10. We may mention in passing an argument of the learned Public Prosecutor based on certain decisions of civil cases that although Mr. Nainar was no longer the Sessions Judge of Chittoor he was still a Sessions Judge possessing certain powers on account of holding that office; but we find no ground for thinking that a Sessions Judge who has ceased to be the Sessions Judge of one division and has not become the Sessions Judge of another has any powers as a Sessions Judge simpliciter. He has jurisdiction to exercise the powers of a Sessions Judge only by virtue of his appointment to a particular Sessions division.
11. We therefore hold that Section 367 of the Criminal Procedure Code does not authorise a succeeding Judge to pronounce a judgment of his predecessor. We agree with the learned advocates for the appellants that the moment Mr. Nainar handed over charge to Mr. Panchapakesa Aiyar he became, functus officio and had no jurisdiction to write a judgment; and Mr. Panchapakesa Aiyar had no jurisdiction to pronounce a judgment based on evidence recorded by Mr. Nainar. If Mr. Nainar had no jurisdiction to write a judgment and if what purports to be his judgment is not a judgment, then the defect, if it may be so called, cannot be cured by Section 537 of the Criminal Procedure Code.

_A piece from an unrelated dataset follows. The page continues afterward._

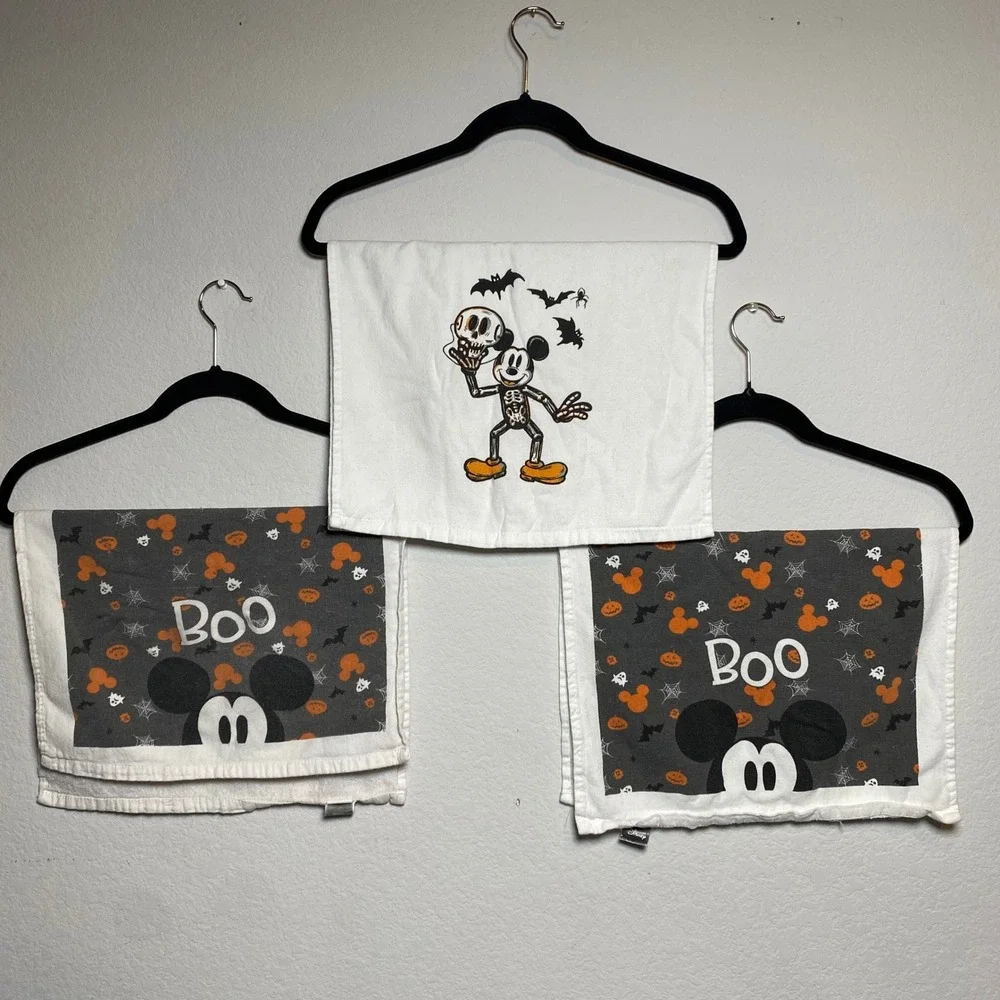 Disney halloween kitchen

That section says:
No finding, sentence or order passed by a Court of competent jurisdiction shall be reversed or altered,...on account of any error, omission or irregularity in the ... judgment...

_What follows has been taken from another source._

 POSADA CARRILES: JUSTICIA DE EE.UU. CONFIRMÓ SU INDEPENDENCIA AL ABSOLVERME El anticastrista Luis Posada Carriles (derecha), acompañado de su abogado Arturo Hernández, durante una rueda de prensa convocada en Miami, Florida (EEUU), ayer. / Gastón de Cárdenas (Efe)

If, as we have held, there was no judgment and if what was pronounced by Mr. Panchapakesa Aiyar was merely an expression of the opinions of Mr. Nainar on the evidence that he had heard, then there was no judgment that could be cured, and the order convicting the appellants was entirely without jurisdiction and therefore void. It would follow that the appellants were not lawfully convicted.

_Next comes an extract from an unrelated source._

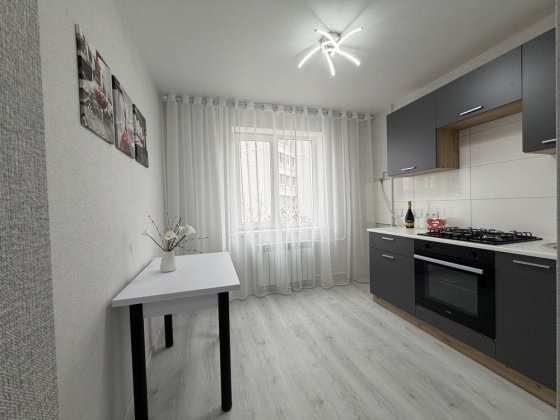 Продам 2-комнатную квартиру в центре Левого берега Каменское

12. Notice has been given to the third and fourth accused, in whose favour an order of acquittal was passed. Since the order purporting to acquit them was not embodied in a valid judgment they were not legally acquitted.
13. In the result, Sessions Case No. 38 of 1945, is remanded to the Sessions Court for disposal after re-hearing. In other words, a fresh trial will have to be held by the present Sessions Judge.